Exercise objective:
Pictures in the records are to be excluded from an otherwise exact copy.

Record set:
* * * * * * *

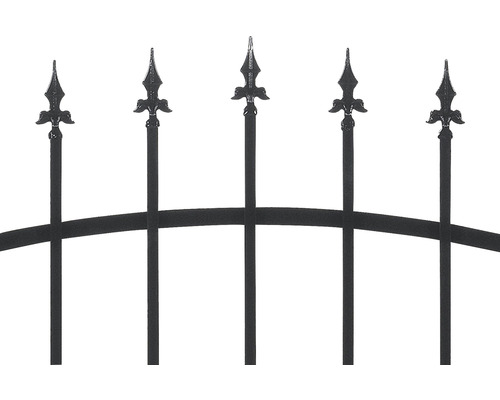 Detailní pohled na kovový plot s dekorativními hroty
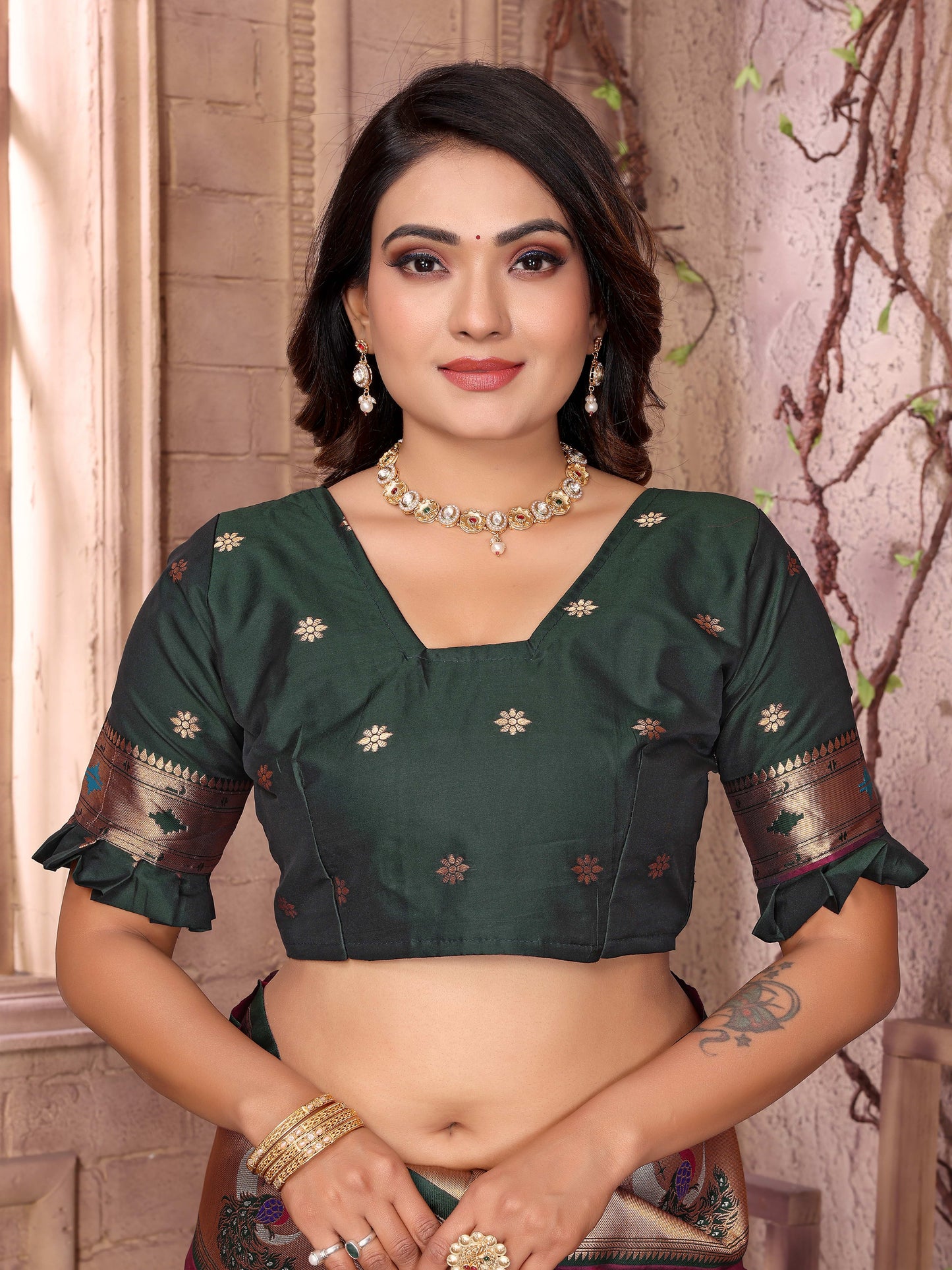 Peacock Nazaakat Paithani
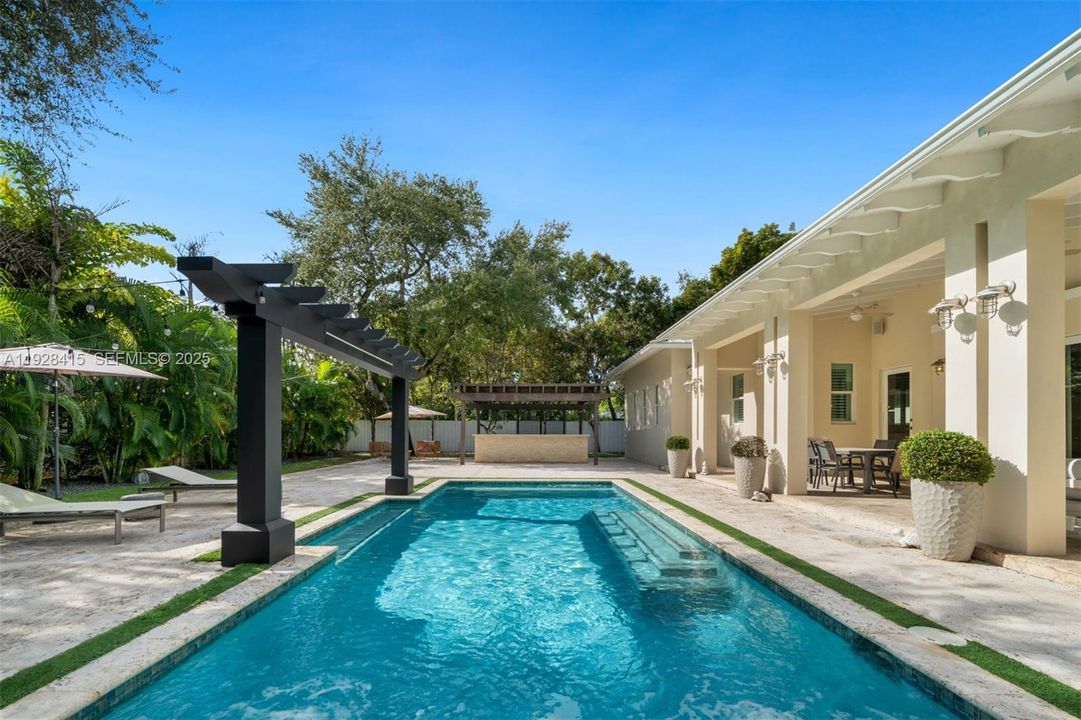 For Sale: $4,495,000 (4 beds, 4 baths, 4661 Square Feet)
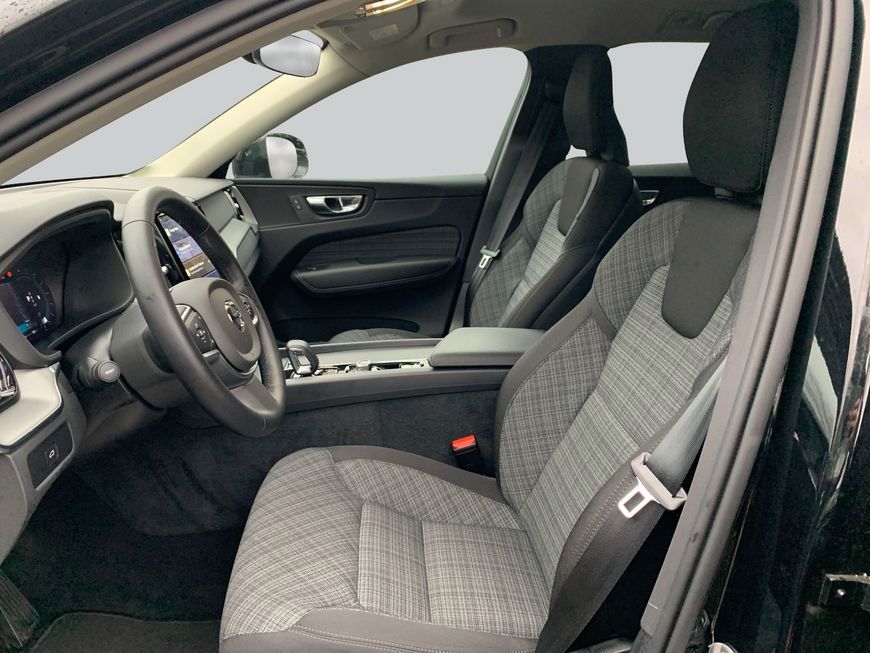 Volvo XC60 B5 B AWD Core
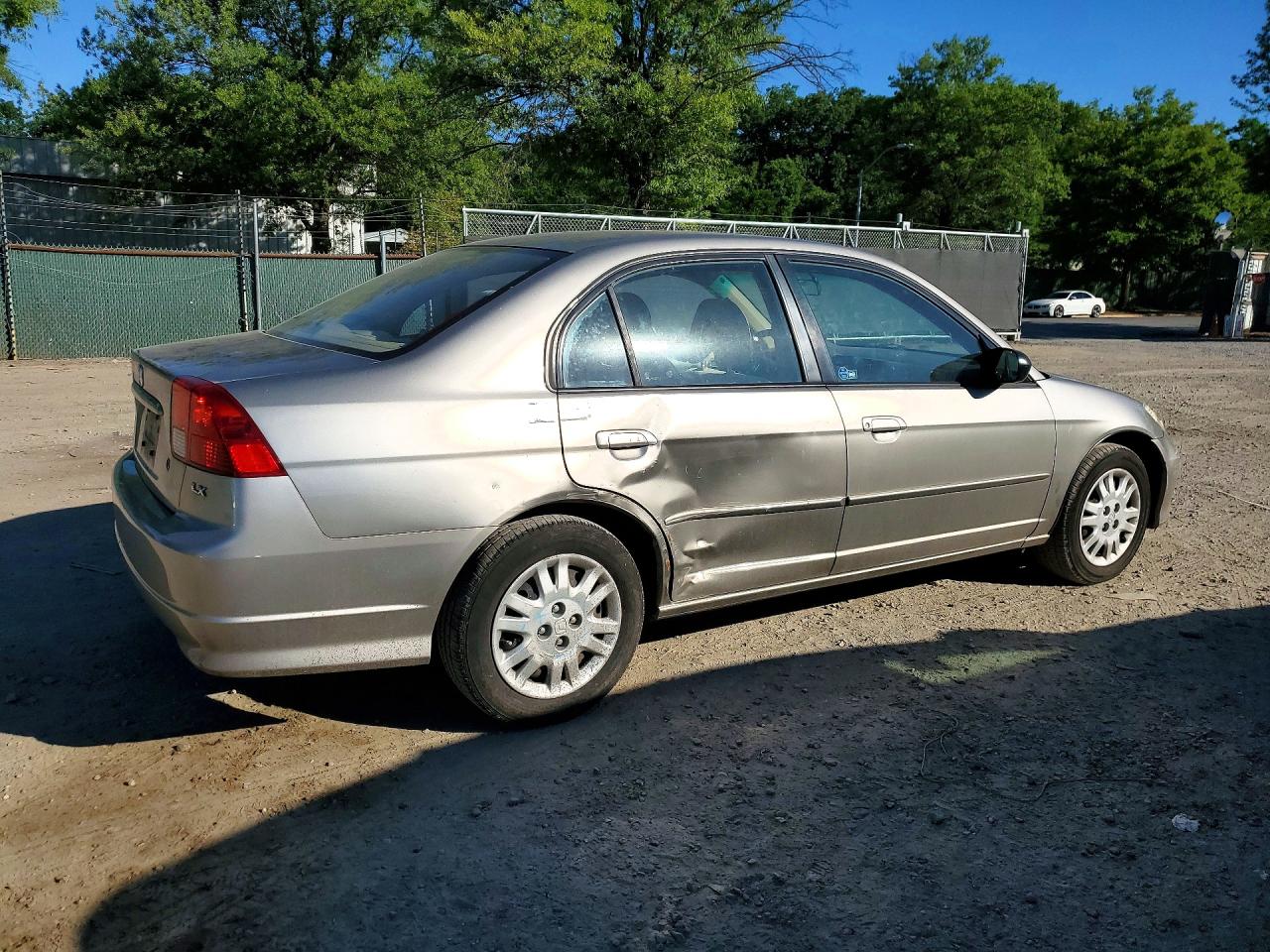 2004 Honda Civic Lx Gold vin: JHMES16504S002395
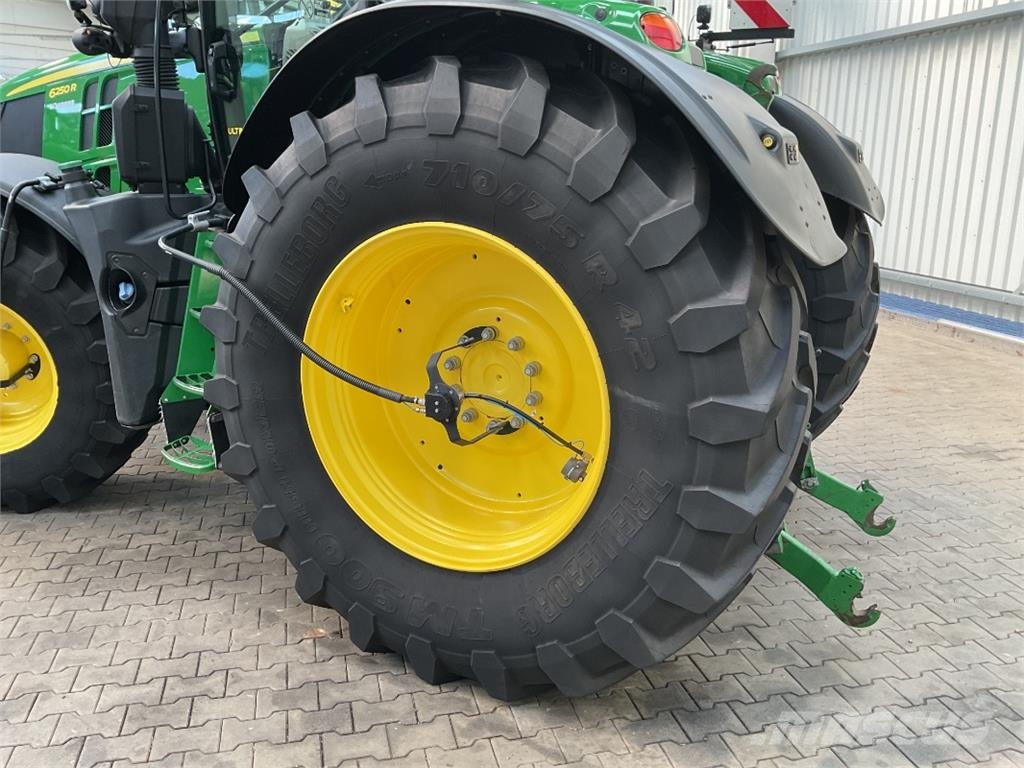 John Deere 6250R Traktoren
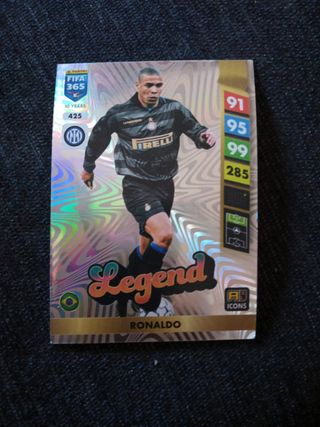 Cromo Panini FIFA 365 Ronaldo Legend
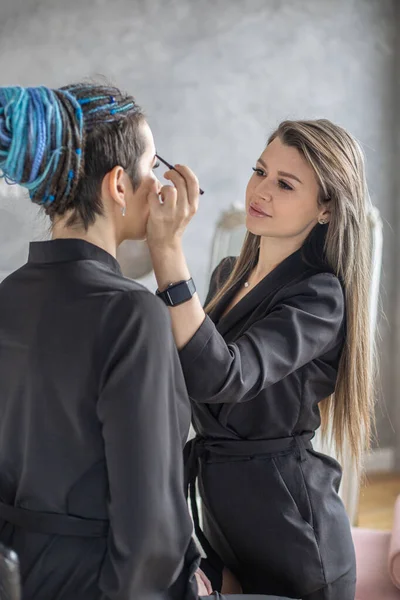 美容室で顔使用ブラシに肌のトーンファンデーションパウダー赤面を適用するマスターを構成する女性 — ストック写真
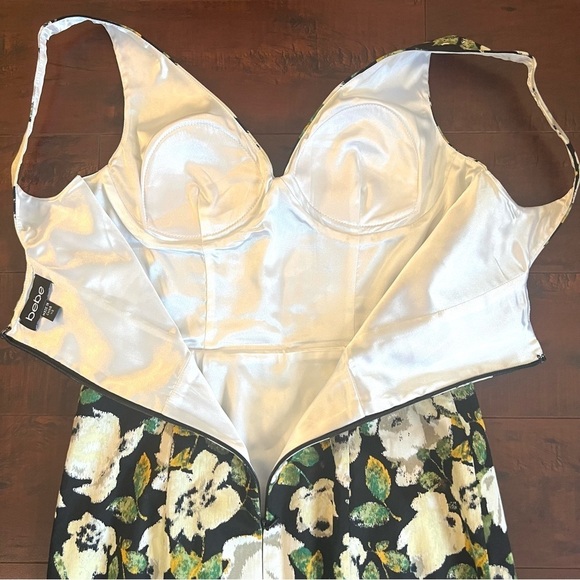 BEBE Floral Bodycon Dress Knee Length Sleeveless V-Neck Size XS - Picture 6 of 11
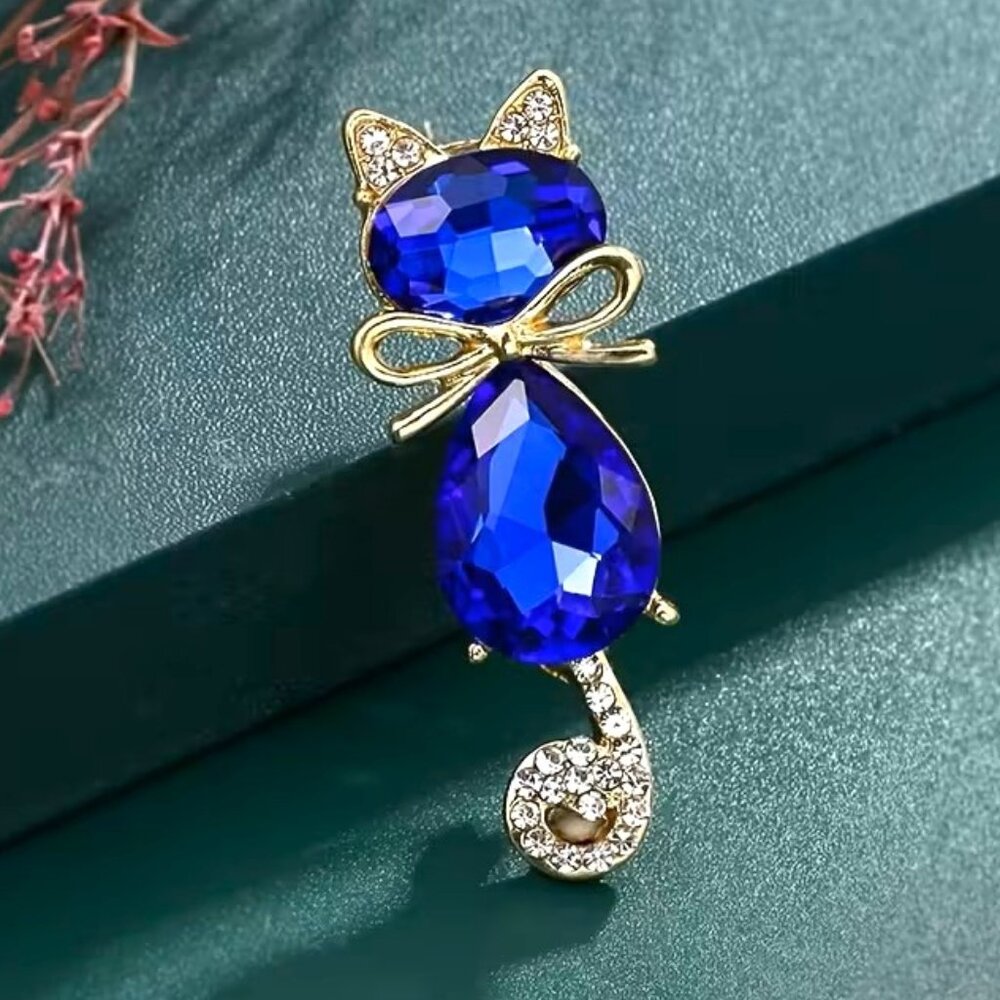 Cat Brooch Blue Sapphire Rhinestone Glam Kitty Trendy Stylish FUN Crystal Gems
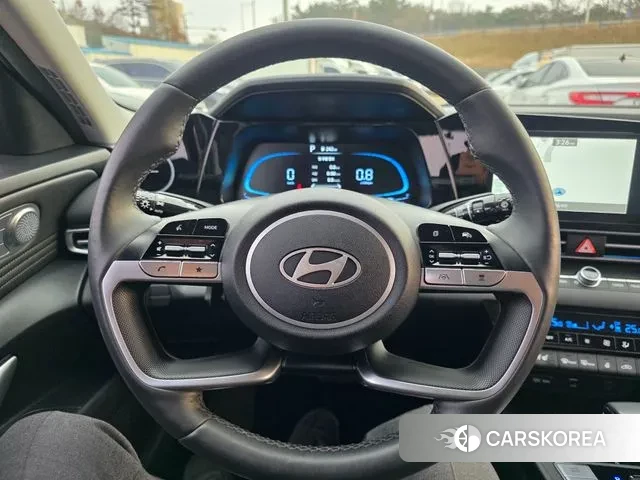 Hyundai The New Avante (CN7) 2023 Серый из Кореи, фото 2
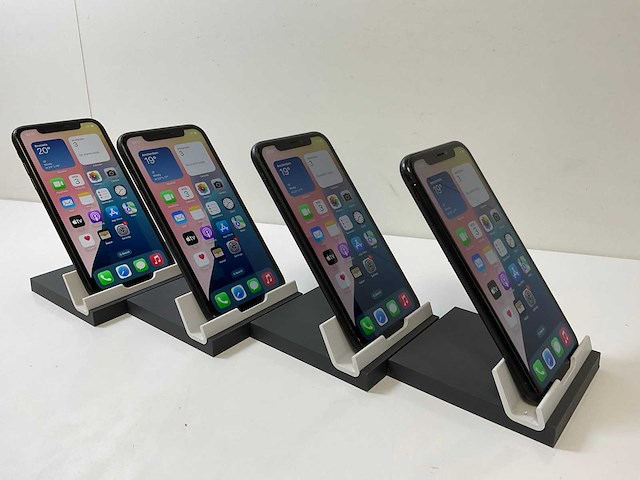 Apple iphone xr - 64 gb - black (4x) - afbeelding 4 van  6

* * * * * * *

Task output:
 Detailní pohled na kovový plot s dekorativními hroty
 Peacock Nazaakat Paithani
 For Sale: $4,495,000 (4 beds, 4 baths, 4661 Square Feet)
 Volvo XC60 B5 B AWD Core
 2004 Honda Civic Lx Gold vin: JHMES16504S002395
 John Deere 6250R Traktoren
 Cromo Panini FIFA 365 Ronaldo Legend
 美容室で顔使用ブラシに肌のトーンファンデーションパウダー赤面を適用するマスターを構成する女性 — ストック写真
 BEBE Floral Bodycon Dress Knee Length Sleeveless V-Neck Size XS - Picture 6 of 11
 Cat Brooch Blue Sapphire Rhinestone Glam Kitty Trendy Stylish FUN Crystal Gems
 Hyundai The New Avante (CN7) 2023 Серый из Кореи, фото 2
 Apple iphone xr - 64 gb - black (4x) - afbeelding 4 van  6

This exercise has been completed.